Se a massa não vai até as obras-primas é porque essas obras-primas são literárias, isto é, imobilizadas; e imobilizadas em formas que não atendem mais às necessidades desse tempo.
Longe de acusar a massa e o público, devemos acusar a fala formal que interpomos entre nós e a massa, e esta forma de nova idolatria das obras primas imobilizadas que é um dos aspectos do conformismo burguês.
Este conformismo que nos faz confundir o sublime, as ideias, as coisas com as formas que assumiram através dos tempos e em nós-mesmos - em nossas mentalidades de snobs, de preciosos e estetas que o público não entende mais.
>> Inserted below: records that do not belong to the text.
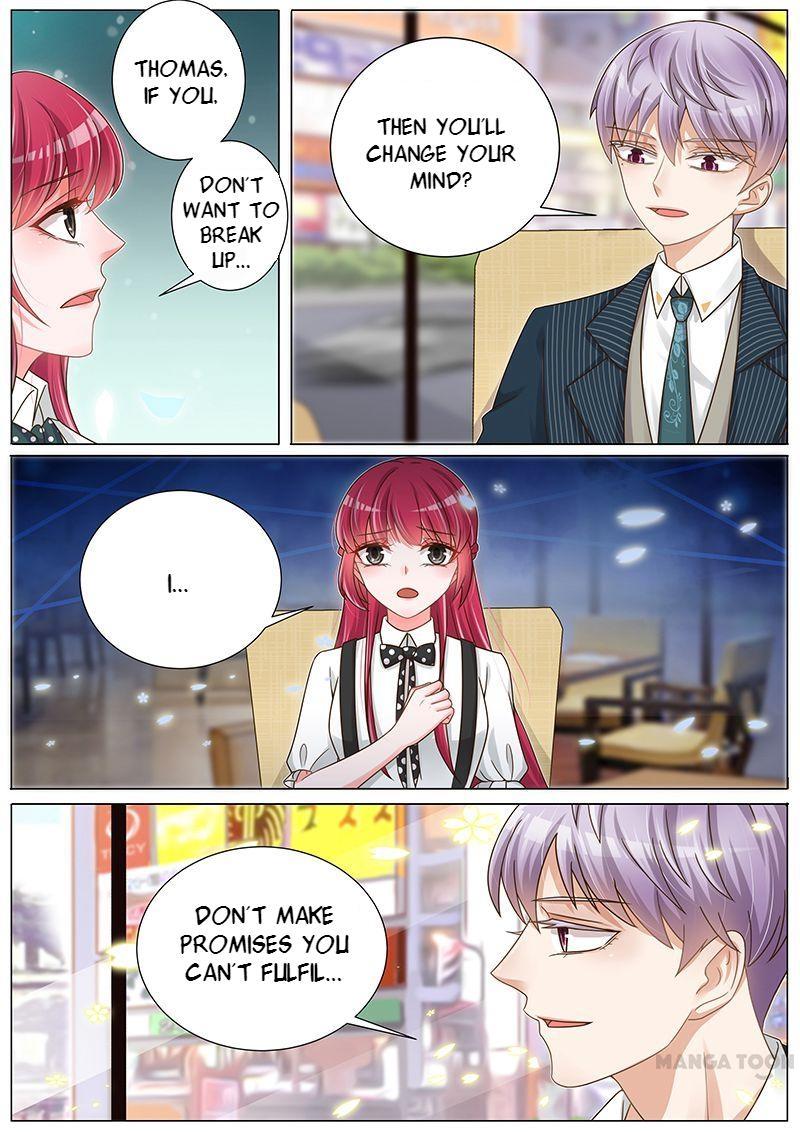 Chapter 142 - Image 5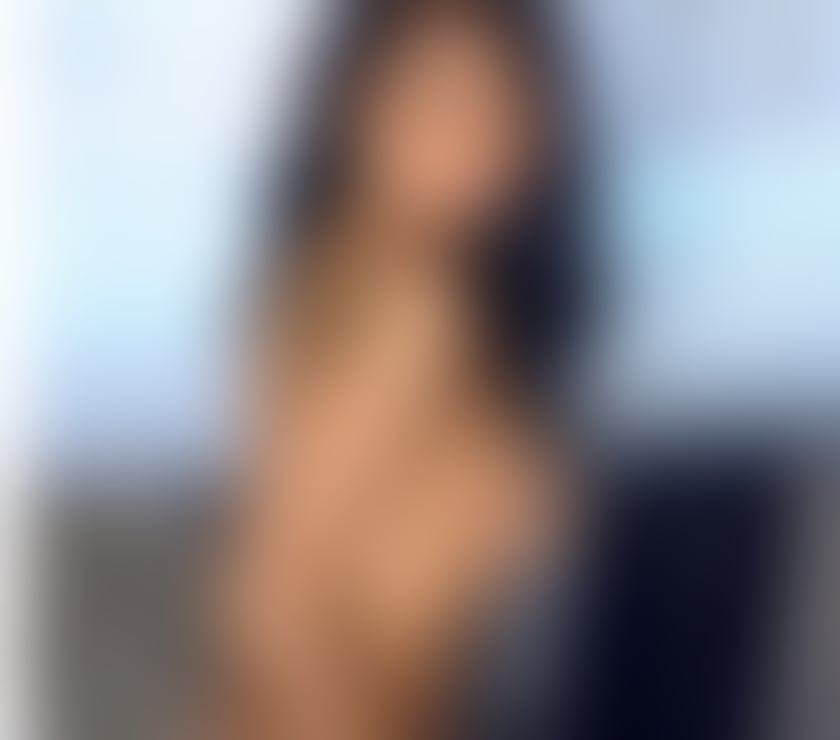Escorts South East London Croydon - Photos for Hello I'm Pam Luxury Escort & Massage in Central Croydon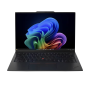 Lenovo Thinkpad X1 Carbon Gen 13 14-INCH Intel Core Ultra 7 255H 32GB RAM 1TB – New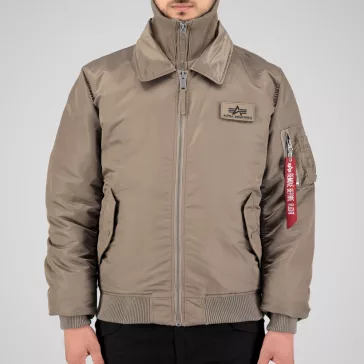 cwu-jet-blast-taupe-alpha.jpg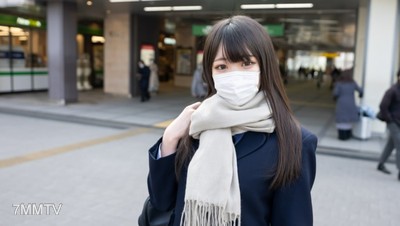 fc2-ppv 2672862 Complete deletion on 2/28! Limited sale for 9 days! [Uncut] A date with a pure and innocent Ecup girl in Yokohama... two shots inside in a room with a beautiful night view!! This is her final work... (Long version)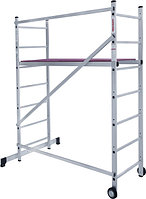 Вышка-тура NV 1411 Новая высота 1411207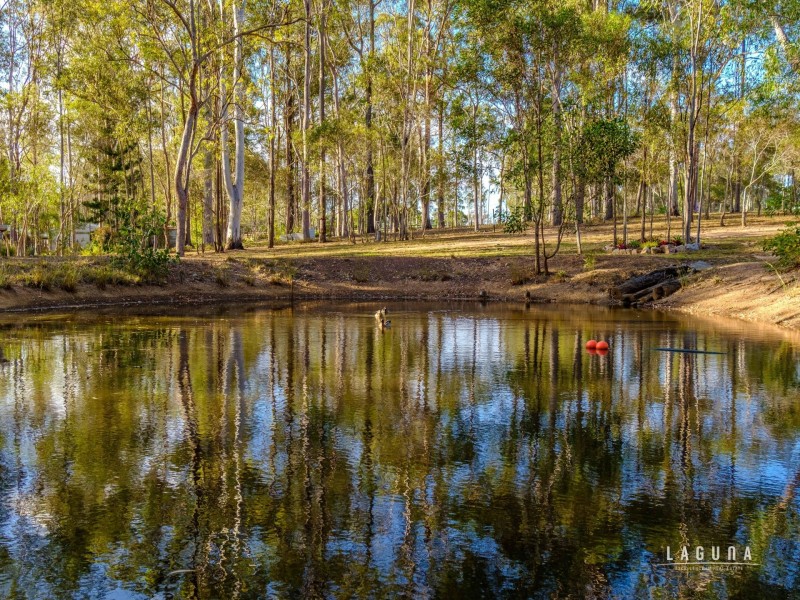 193 Lynne Drive, Curra QLD 4570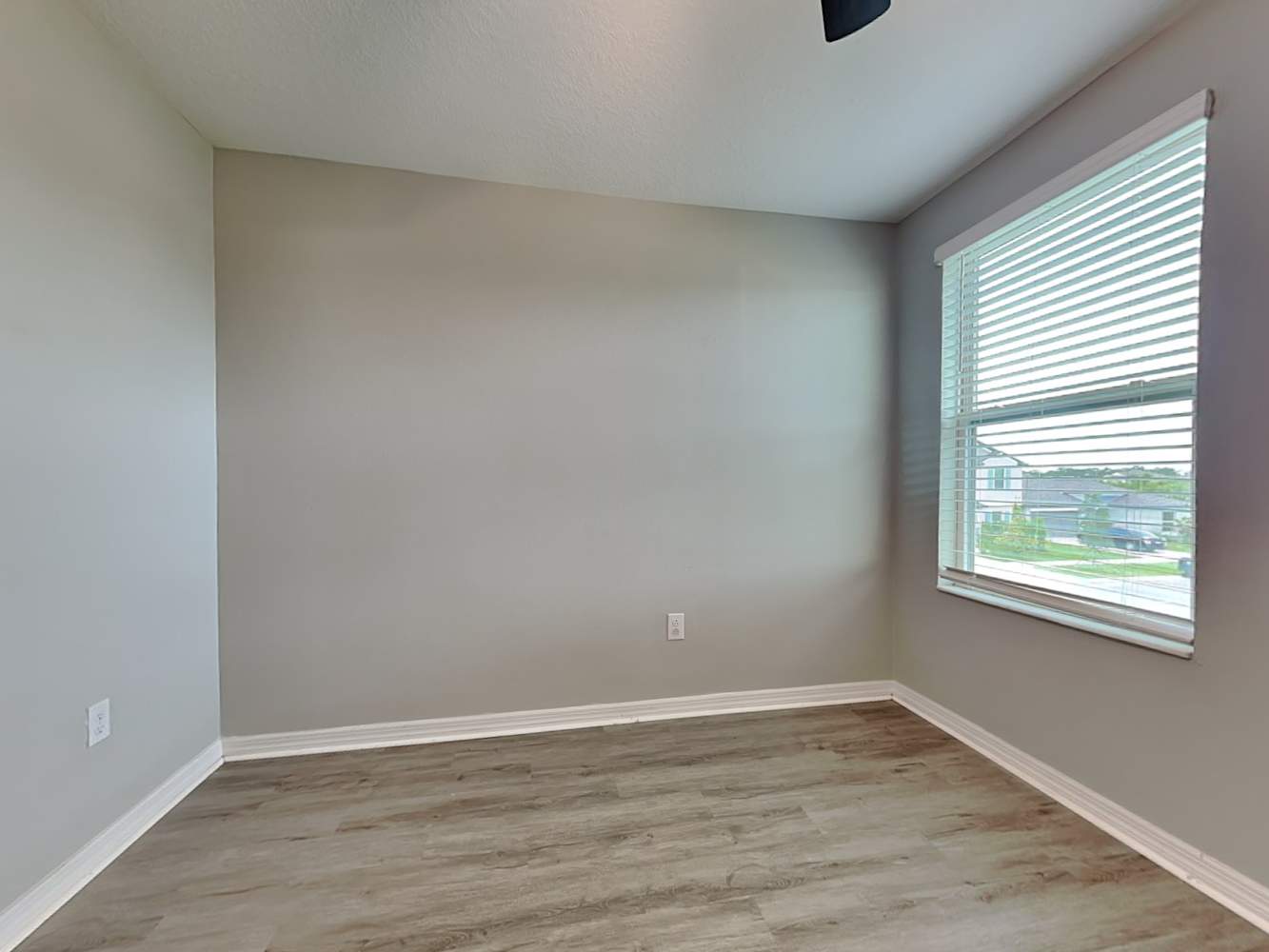 7202 Jenkins Vista Ct, Sun City Center photo 18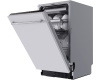 Встраиваемая посудомоечная машина Midea MID45S720i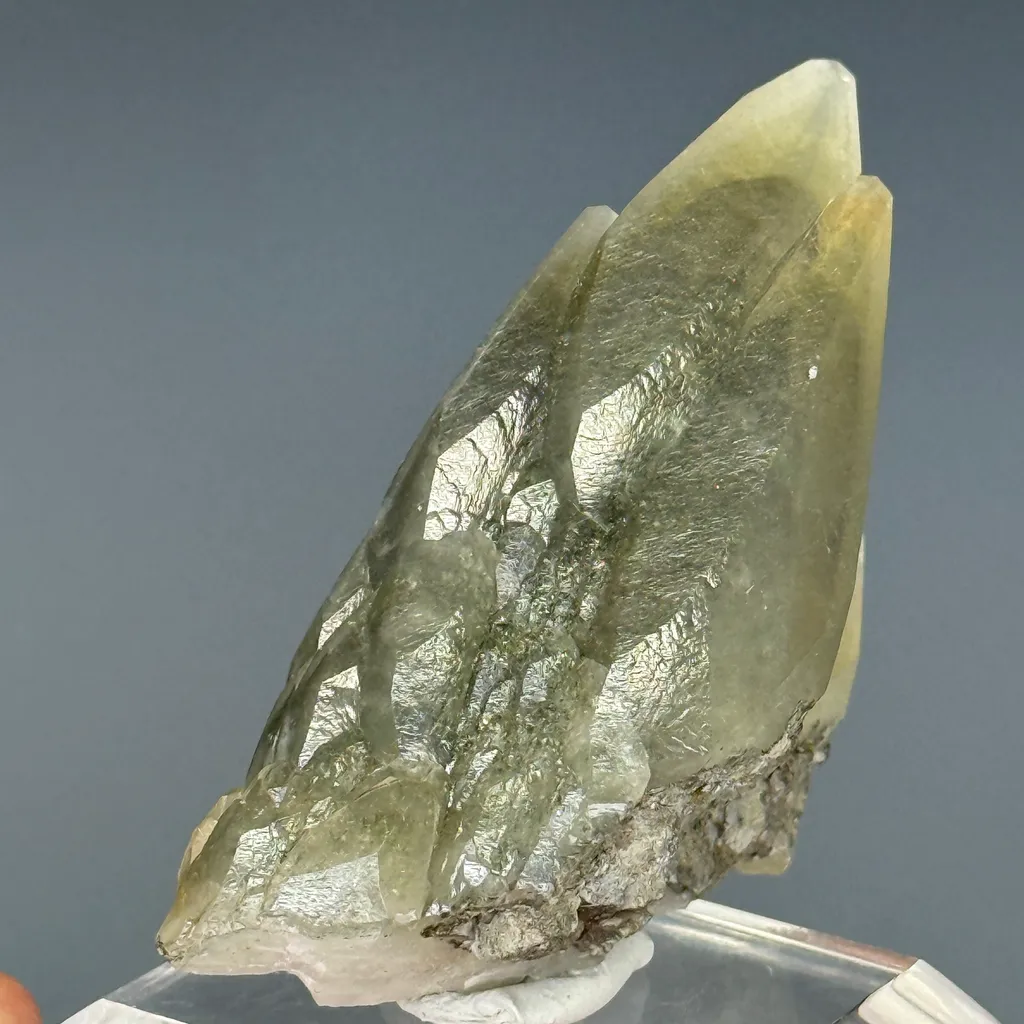 Calcite - image 3
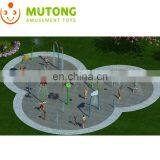 Aqua Park Equipment Shanghai Water Park Aquatic Playground Manufacturer thumbnail-5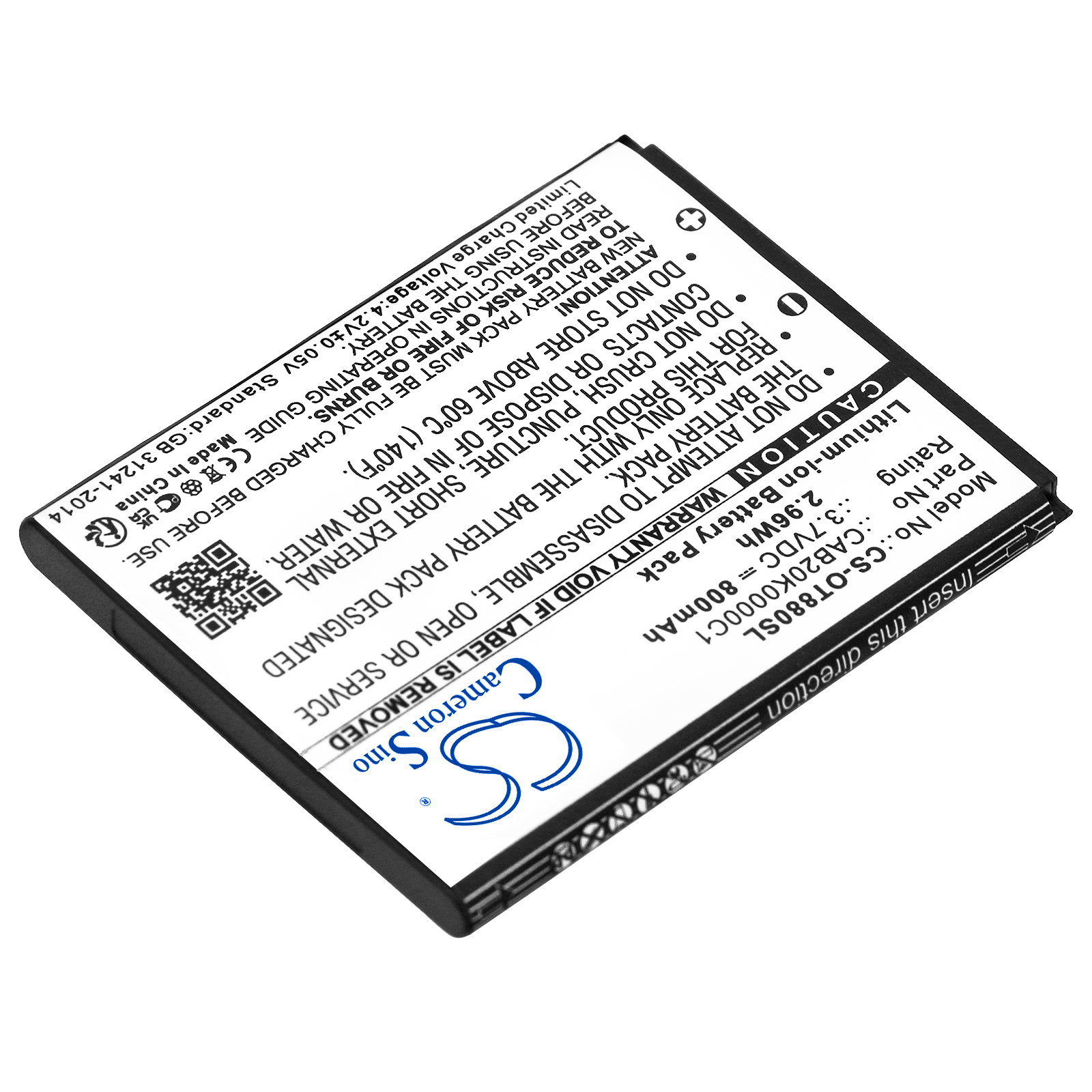 CS-OT880SL-2.jpg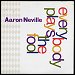 Aaron Neville - "Everybody Plays The Fool" (Single)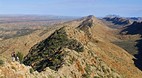 Larapinta Trail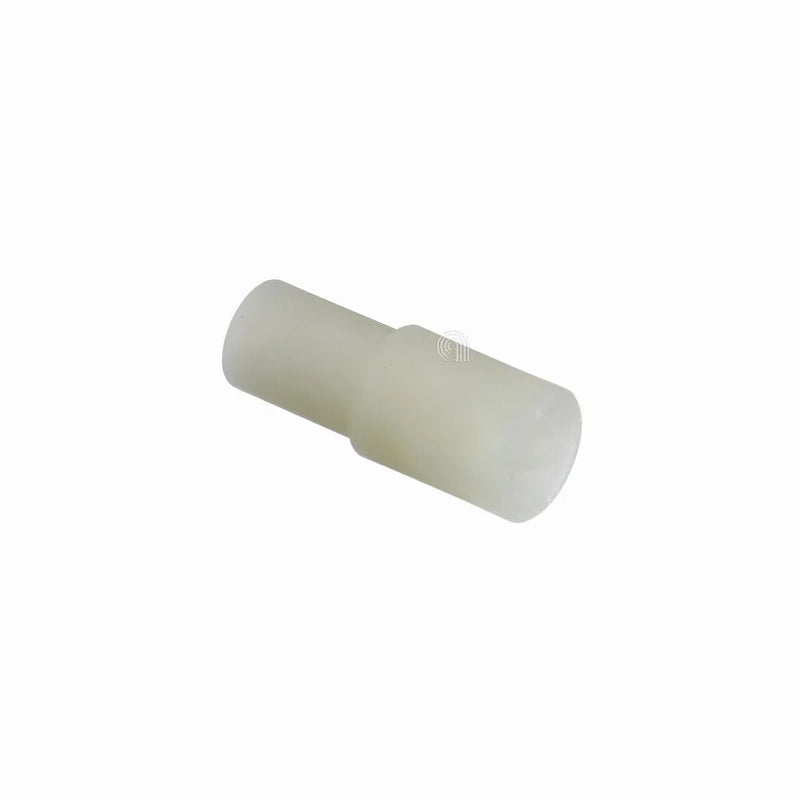 Original Bosch blender gasket compatible 00167717 and 00180732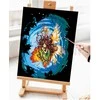 Omaart Fantazijos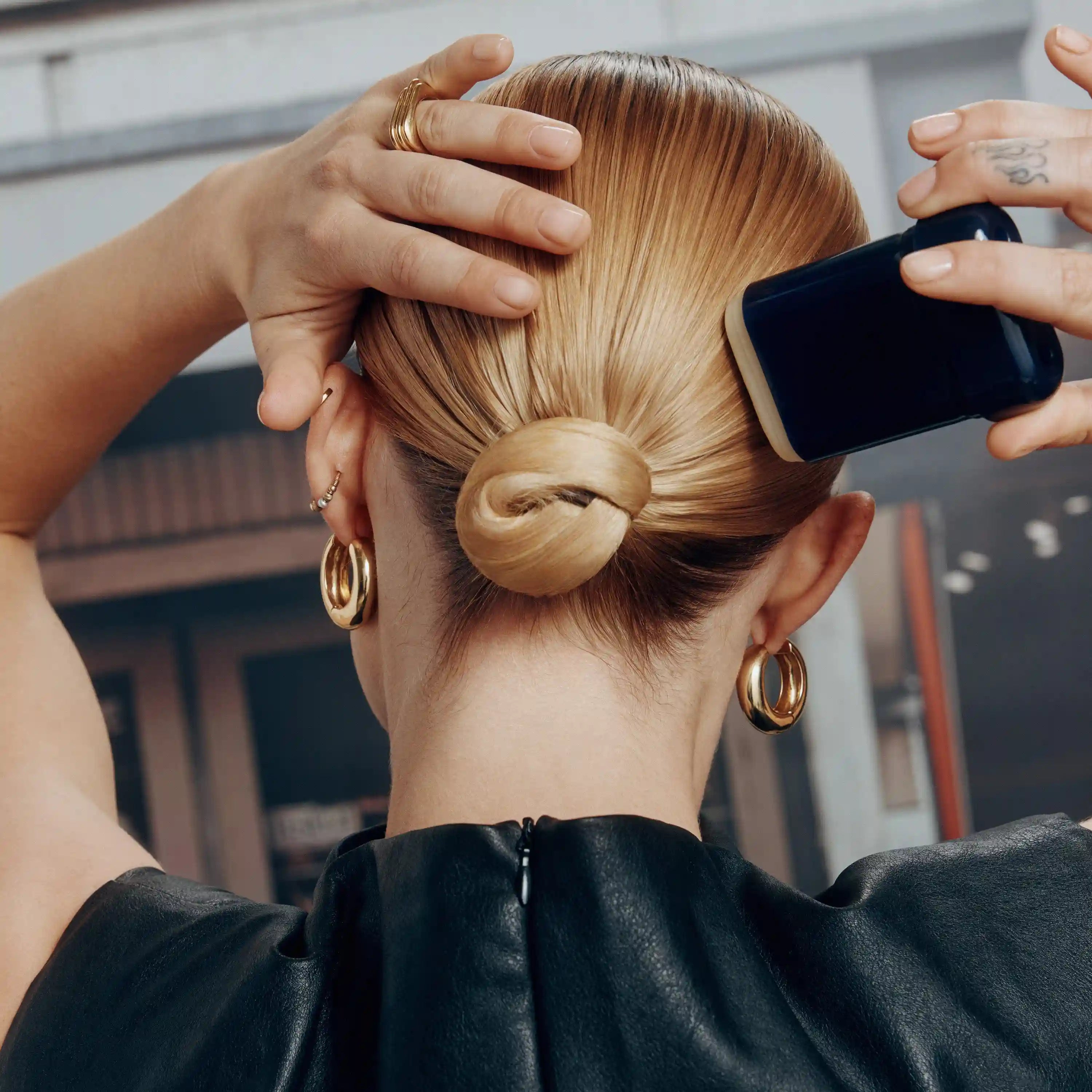 oribehairmalls.com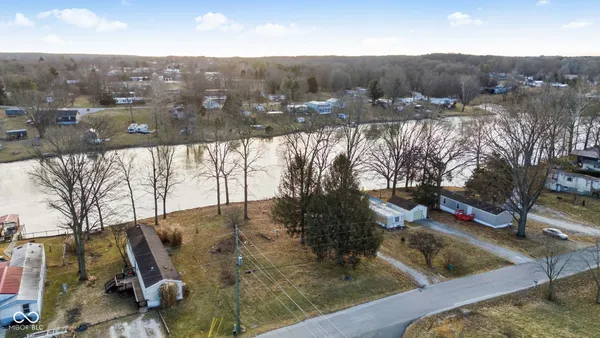 $40,000 | 2722 Coventry Gardens Drive, North Vernon, IN 47265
Esta ideia de arte desligada, de poesia-encanto que só existe para encantar o lazer, é uma ideia de tempos de decadência e demonstra claramente nosso poder de castração.
É preciso acabar com essa superstição dos textos e da poesia escrita. A poesia escrita vale uma única vez e, depois, que seja destruída. Que os poetas mortos cedam lugar aos outros.
É preciso parar com esse empirismo, esse acaso, esse individualismo e essa anarquia.
Basta de poemas individuais e que servem mais a quem os fez do que aos seus leitores.
Basta, de uma vez para sempre, com todas essas manifestações de arte fechadas, egoístas e pessoais.
ARTAUD, Antonin. O teatro e seu duplo. Fragmentos do capítulo.